Por las venas de la historia nacional corre sangre caliente. Nada contra Inglaterra es superficial ni puede reducirse a los términos de la diplomacia. En las calles, en las redes sociales, en las expresiones públicas, el Pueblo habló: «¡Inglaterra, la concha de tu madre!», se inmortalizó como un nuevo grito de guerra que acudía en apoyo al significante revitalizado de «las Malvinas son argentinas». La remontada del resultado canalizó el robo al ladrón y vigorizó la reivindicación de un hecho político que la corporación FIFA y el gobierno inglés, en complicidad con el gobierno de Milei, quisieron ocultar. El partido no solo tenía el valor de una final anticipada, se convirtió en un hecho de Estado que desnudó del todo la naturaleza antiargentina de la administración libertaria.

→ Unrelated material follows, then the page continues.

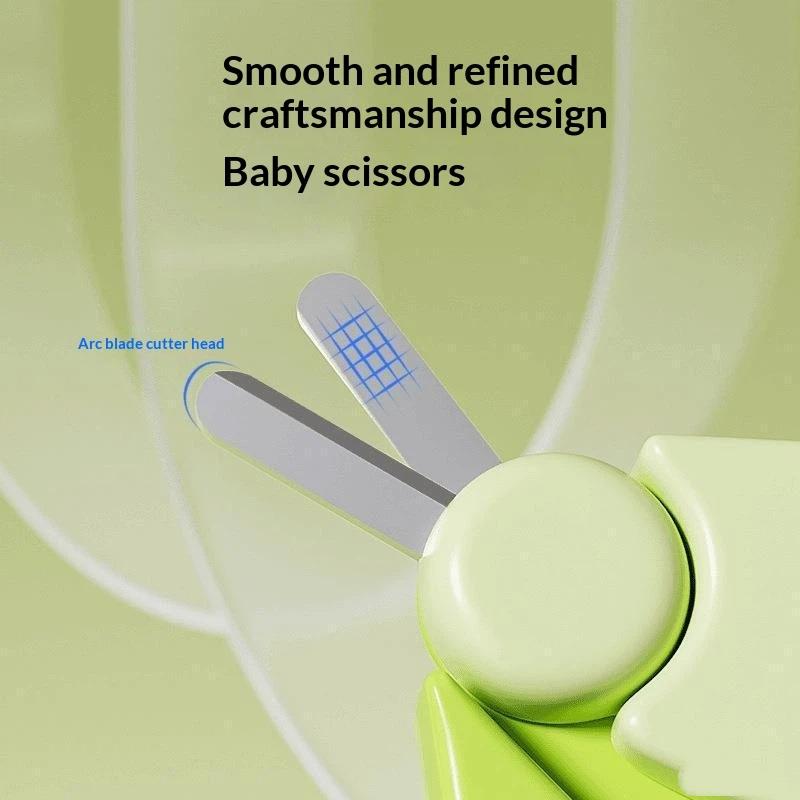 Food Grade Material 4Pcs Baby  - Baby Food Scissors recension och pris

El Mito gaucho: sangre, sudor, entrega, sacrificio, astucia, inteligencia, organización, disciplina. La barbarie a flor de piel. El barro del potrero. La identidad innegociable. La comunidad, la solidaridad. ¡Huevos! Angustia, padecimiento, ansiedad, nostalgia, fútbol. Amor por lo que somos. ¡Argentina! El que no salta es un inglés. Los pibes de Malvinas. Los soldados del Belgrano. El que no salta es un inglés. El abuelo Pedro, el tío Pedrito, el Gordo Julio, el Panadero Pablo, el Narigón Claudio, Alfredito. El Club Zárate explotado en el ’86. Martín en el cine, el día anterior, ahí, con los ojos clavados en la pantalla con El Partido; las cábalas de Mario, la camiseta de Valentín, Andrea y los gualichos que congelan a los jugadores rivales, Omar y la espera en Plaza Alsina. Las palabras de Pablito. Las preguntas de Luciano sobre las Islas y la invasión. Los nervios de Luna, de Martina, de Julieta, de Sol. La celebración de Nicole, el abrazo entre Nicolás y Agustina. Diego y su: «Piratas hijos de puta». El grito del final, sagrado, inmortal: ¡INGLATERRA, LA CONCHA DE TU MADRE! Ganamos.
Ganamos con la argentinidad en la mano y, aunque no siempre se pueda entender, ya no importa España. Eso quedará para la anécdota futbolera. La final se jugó el miércoles 15 de julio. Ese día renació el Mito gaucho. Y fuimos felices. Estuvimos ahí y nos encontramos, y los fantasmas del pasado fueron ahuyentados. En las calles la gente se reía, saltaba y celebraba algo más que a la Selección. No es solo fútbol. No es solo un partido. No era nada más que el Mundial: es lo que somos, la Patria de Martín Fierro, la pampa extendida en el Ser Nacional.